First-off I'll introduce myself - I'm @tristan.read, a Frontend Engineer in GitLab's Monitor::Health Group. Last week I had the privilege of shadowing one of GitLab's on-call SREs. The purpose was to observe day-to-day incident response activities and gain some real-life experience with the job. We'd like all of our engineers to better understand and develop empathy for users of Monitor::Health features.

The idea for the week is to follow everything the SRE does. This means I attended handover meetings, watched the same alert channels, and joined incident response calls if and when they occurred.

Incidents

Two incidents occurred during the week while I was shadowing.

1. Crypto miner

On Wednesday a jump in GitLab Runner usage was detected on GitLab.com - this was caused by a user attempting to use runner minutes to mine crypto coins. This was dealt with by using an in-house abuse mitigation tool, which stops the runner jobs and removes the associated project and account.

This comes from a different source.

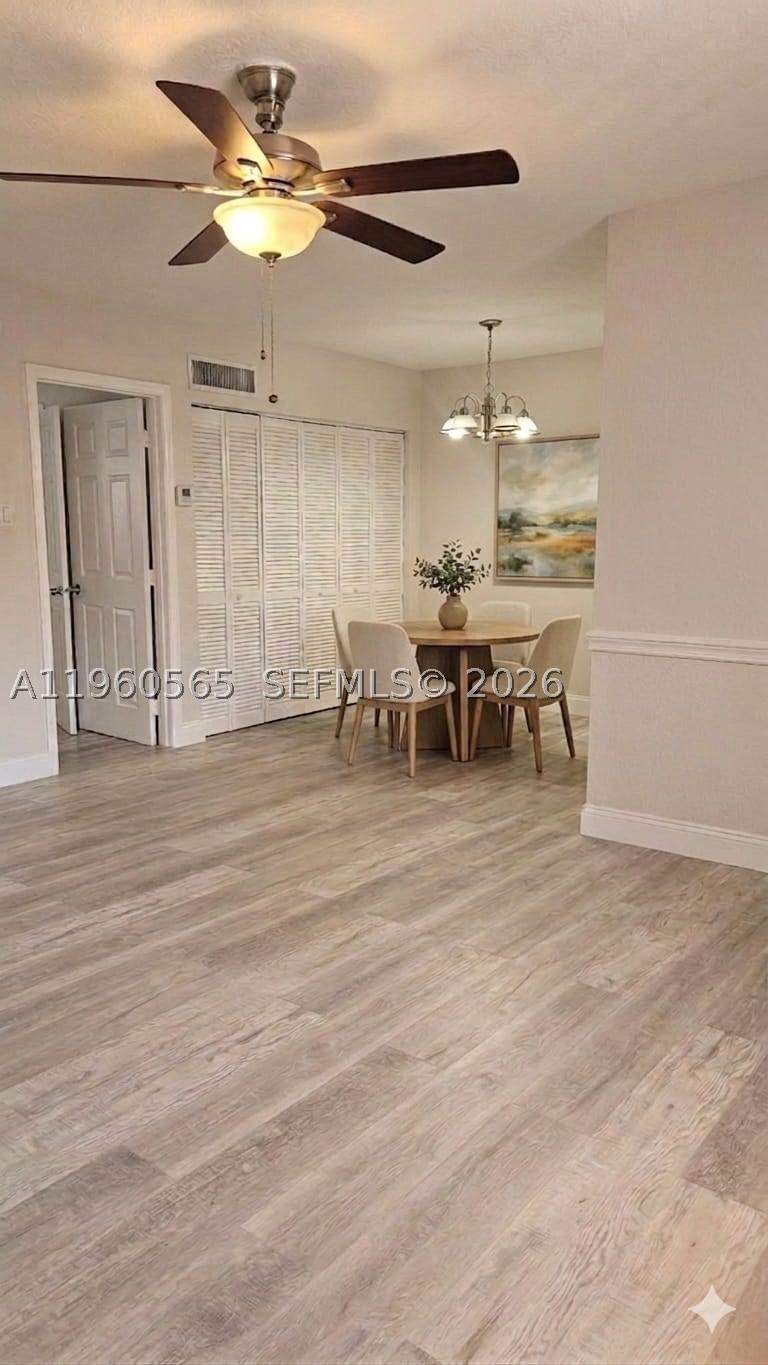 1 bedroom Condominium at 3800 SW 102nd Ave 221, Bird Road Condo, Miami — photo 2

Had this event not been spotted it would have been caught by an automated tool, but in this case the SRE spotted it first. An incident issue was raised for this, but it remains private.

2. Performance degredation on Canary and Main applications

This incident was triggered by slowdowns and increased error rates appearing on GitLab.com's canary and main web applications. Several Application Performance Index (Apdex) Service Level Objectives (SLO) were violated.

Public incident issue: https://gitlab.com/gitlab-com/gl-infra/production/issues/1442

Key Takeaways

These are some things that I learned during the week on-call.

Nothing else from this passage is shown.